Human rights compatibility of investor–State arbitration in international investment protection agreements

Committee on Social Affairs, Health and Sustainable Development

Rapporteur : Mr Geraint DAVIES, United Kingdom, SOC

Origin - Reference to committee: Doc. 13691, Reference 4115 of 20 April 2015. Reporting committee: Committee on Legal Affairs and Human Rights. See Doc. 14225. Opinion approved by the committee on 24 January 2017. 2017 - First part-session

A. Conclusions of the committee

(open)

The Committee on Social Affairs, Health and Sustainable Development has examined the report prepared by the Committee on Legal Affairs and Human Rights. It has a number of reservations with regard to the merits of the proposed Investment Court System (ICS), which is meant to gradually replace the Investor–State dispute settlement (ISDS) clauses in the “new generation” of trade agreements involving European countries and eventually also in the “older” trade and investment treaties. In the view of the Social Affairs Committee, the proposed ICS does not remove many of the central problems inherent in the ISDS system.

The committee considers that the main danger of the Investor–State arbitration systems in both ISDS and ICS is that investor rights “to make a profit” tend to prevail over public policies protecting human rights, in particular social rights such as workers’ rights, and protection of public health and the environment. Unlike the proposed investment protection provisions in the “new generation” trade agreements which have the enforcement mechanism through the proposed ICS, States’ policies to protect the public interest have no equivalent mechanism and could be trumped by the proposed ICS, the successor of ISDS.

The committee considers both ISDS clauses and a permanent, multilateral ICS as unnecessary in developed countries such as the United States, Canada and member States of the European Union as foreign investors are already protected by existing public and contract law. It therefore puts forward a series of amendments intended to reflect its conclusions in the draft resolution presented by the Committee on Legal Affairs and Human Rights.

B. Proposed amendments

(open)

Amendment A (to the draft resolution)

At the end of paragraph 3, add the following sentence:

“However, foreign investors in the European Union are already protected in three ways – by the European Court of Human Rights, European law and domestic law.”

Amendment B (to the draft resolution)

At the end of paragraph 4, add the following sentence:

“However, the European Court of Human Rights and European law also protect foreign investors in Europe and no cases have occurred where these, alongside domestic contract and public law, have allowed discriminatory practices against inward investors.”
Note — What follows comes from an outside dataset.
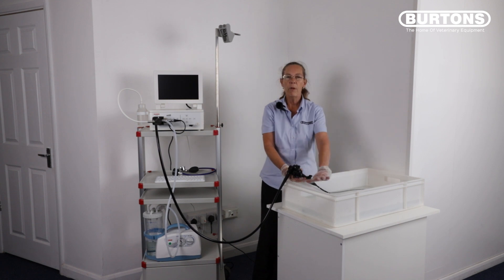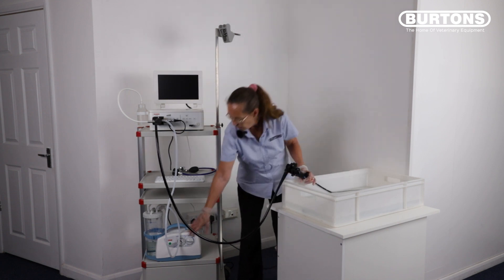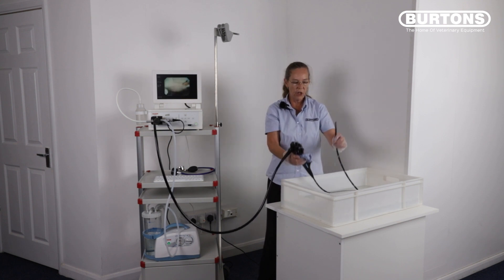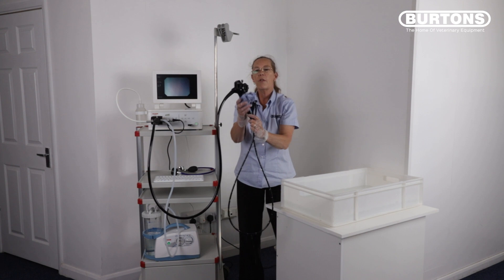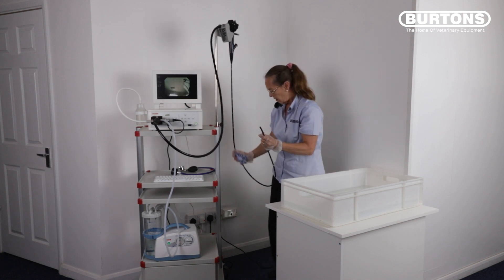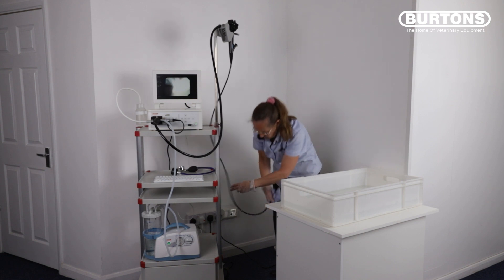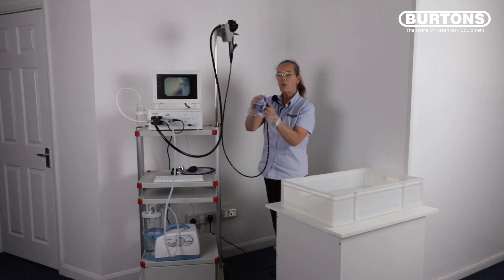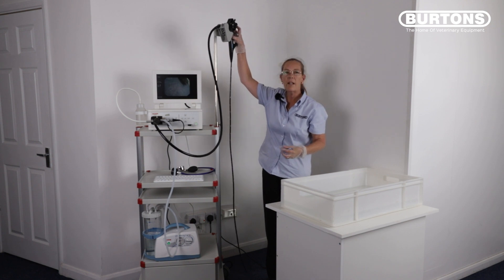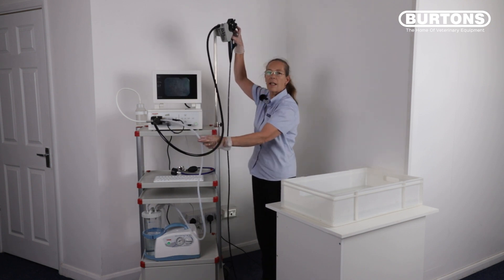Following disinfection, remove the disinfectant and replace it with clean water. Turn your suction unit back on and aspirate approximately 150 to 200 millilitres of clean water through your scope to remove any trace elements of disinfectant from the channels. Remove the scope from the clean water, dry your scope, and hang it back up on your endoscopy cart on the hanger. Dry the patient tube and gently dry the lenses at the distal end of the scope. Push and hold the red button until you don't have any more water collecting in your aspiration tubing.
Amendment C (to the draft resolution)

At the end of paragraph 5.1, add the following sentence:

“, but the primary investor in the vast majority of these cases has been the European Union in smaller third countries that do not have the triple-lock investor protection of the European Court of Human Rights, European law and domestic contract and public law;”

Amendment D (to the draft resolution)

At the end of paragraph 5.2, add the following sentence:

“the parties do not normally have the right of appeal, the tribunals can be inconsistent in their verdicts and may not respect the doctrine of precedent;”

Amendment E (to the draft resolution)

At the end of paragraph 5.3, add the following sentence:

“. There is a number of competing arbitration systems that have not had the benefit of transparent iterative evolution like the delivery of justice in public law in mature democracies;”

Amendment F (to the draft resolution)

At the end of paragraph 5.4, add the following sentence:

“. However, international trade between the European Union, Canada and the United States is well established with existing protections;”

Amendment G (to the draft resolution)

After the first sentence in paragraph 6.1, insert the following sentence:

“However, foreign investors in Europe are already protected – by the triple-lock system of the European Court of Human Rights, European law and domestic law. The proposed ICS”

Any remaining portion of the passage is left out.